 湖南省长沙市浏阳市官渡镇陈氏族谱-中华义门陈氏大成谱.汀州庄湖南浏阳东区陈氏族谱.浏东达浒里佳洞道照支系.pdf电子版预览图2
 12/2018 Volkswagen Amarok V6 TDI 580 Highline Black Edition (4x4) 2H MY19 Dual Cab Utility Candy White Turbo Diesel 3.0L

....................

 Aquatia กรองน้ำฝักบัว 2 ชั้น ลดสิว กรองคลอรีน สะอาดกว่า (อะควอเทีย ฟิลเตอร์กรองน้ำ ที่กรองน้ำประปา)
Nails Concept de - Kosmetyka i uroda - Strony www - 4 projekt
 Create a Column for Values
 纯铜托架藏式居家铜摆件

....................

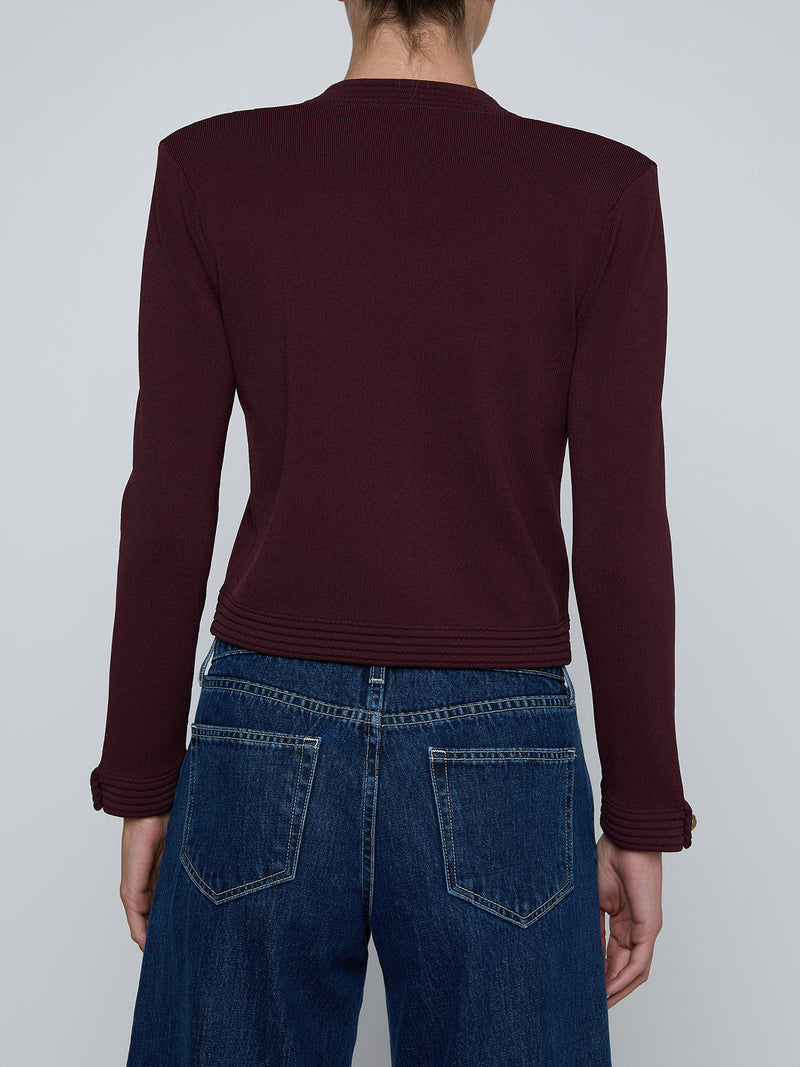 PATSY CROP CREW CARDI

....................

The problem: Transcribe the lines above between the line holding "Aquatia กรองน้ำฝักบัว 2" and the line holding "纯铜托架藏式居家铜摆件", inclusive, exactly as they stand and with nothing added.

Written solution:
 Aquatia กรองน้ำฝักบัว 2 ชั้น ลดสิว กรองคลอรีน สะอาดกว่า (อะควอเทีย ฟิลเตอร์กรองน้ำ ที่กรองน้ำประปา)
Nails Concept de - Kosmetyka i uroda - Strony www - 4 projekt
 Create a Column for Values
 纯铜托架藏式居家铜摆件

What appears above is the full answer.